== Source data
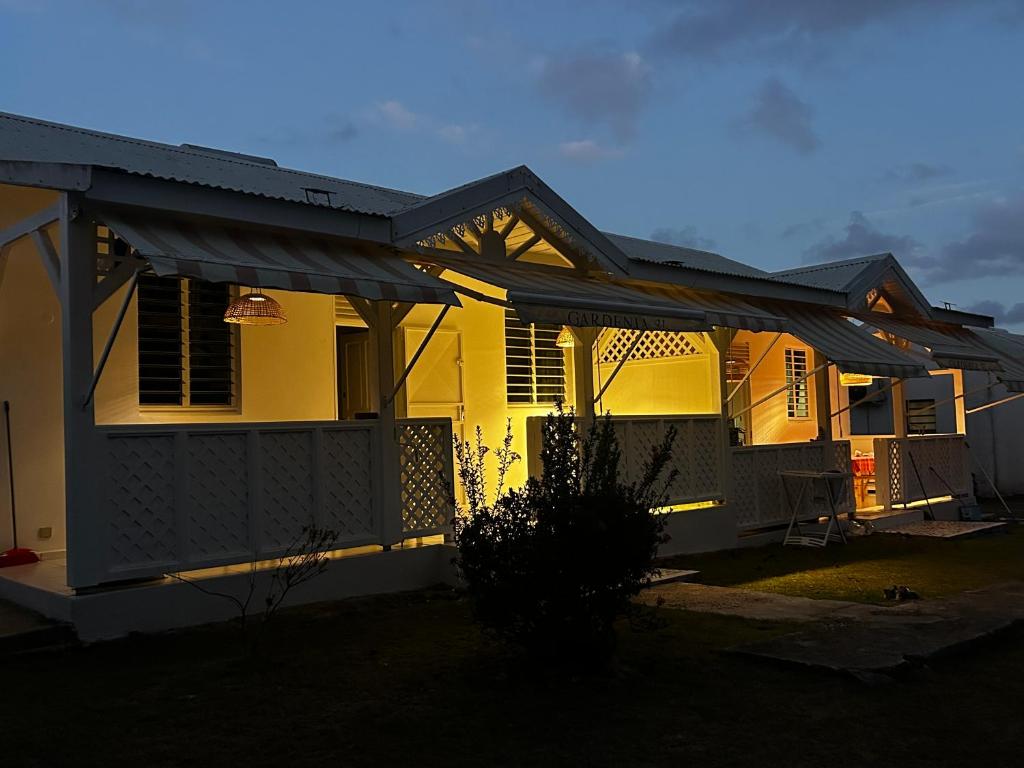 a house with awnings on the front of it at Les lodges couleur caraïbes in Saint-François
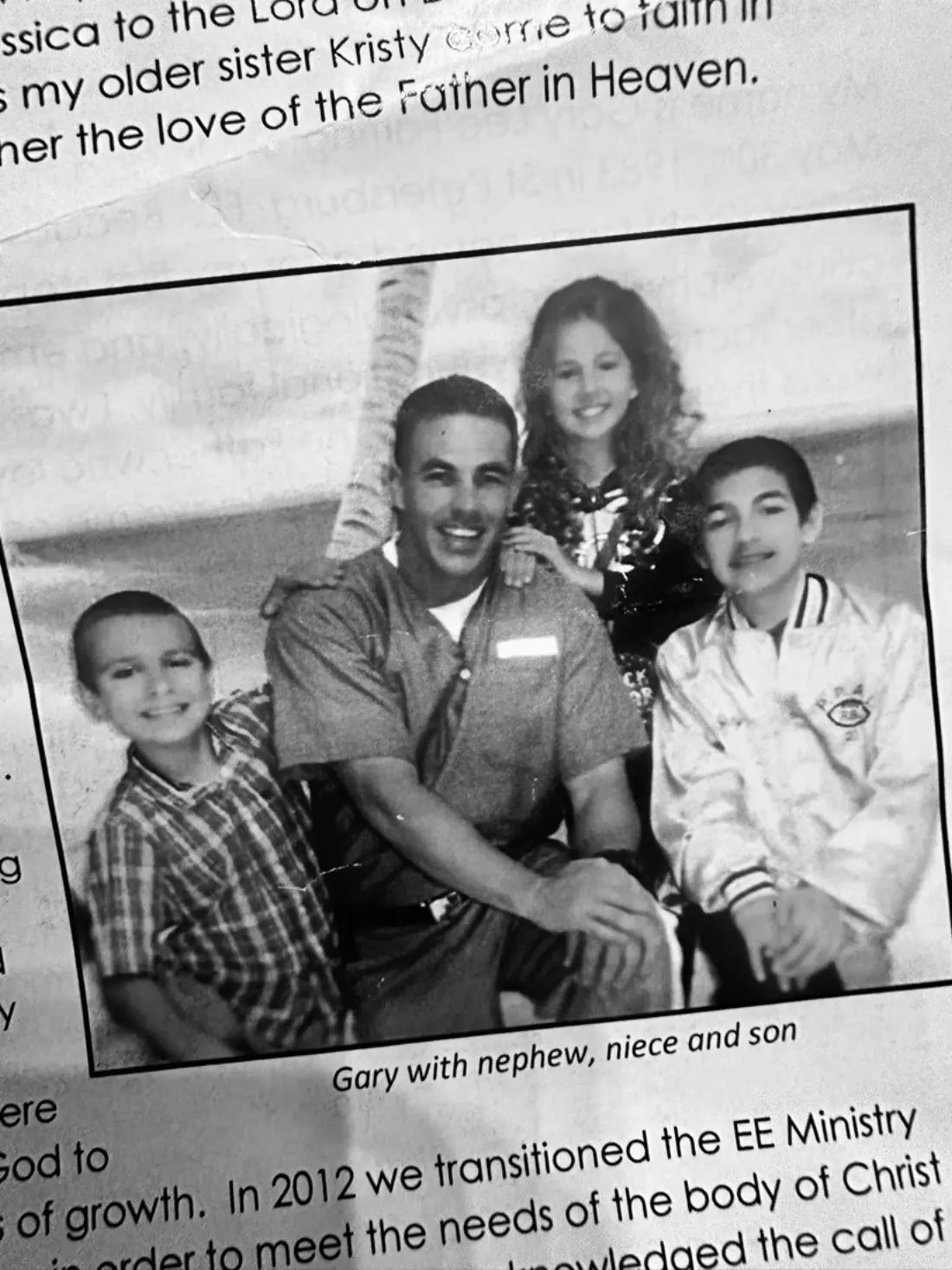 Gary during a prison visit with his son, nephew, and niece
====
== Source data
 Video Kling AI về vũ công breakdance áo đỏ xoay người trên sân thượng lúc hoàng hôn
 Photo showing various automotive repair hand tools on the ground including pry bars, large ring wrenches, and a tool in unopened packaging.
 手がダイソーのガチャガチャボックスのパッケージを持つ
====
[Task brief] Write out only the lines that run from the line containing "Video Kling AI" through the line containing "手がダイソーのガチャガチャボックスのパッケージを持つ", both included, exactly as they appear above.

[Task output]
 Video Kling AI về vũ công breakdance áo đỏ xoay người trên sân thượng lúc hoàng hôn
 Photo showing various automotive repair hand tools on the ground including pry bars, large ring wrenches, and a tool in unopened packaging.
 手がダイソーのガチャガチャボックスのパッケージを持つ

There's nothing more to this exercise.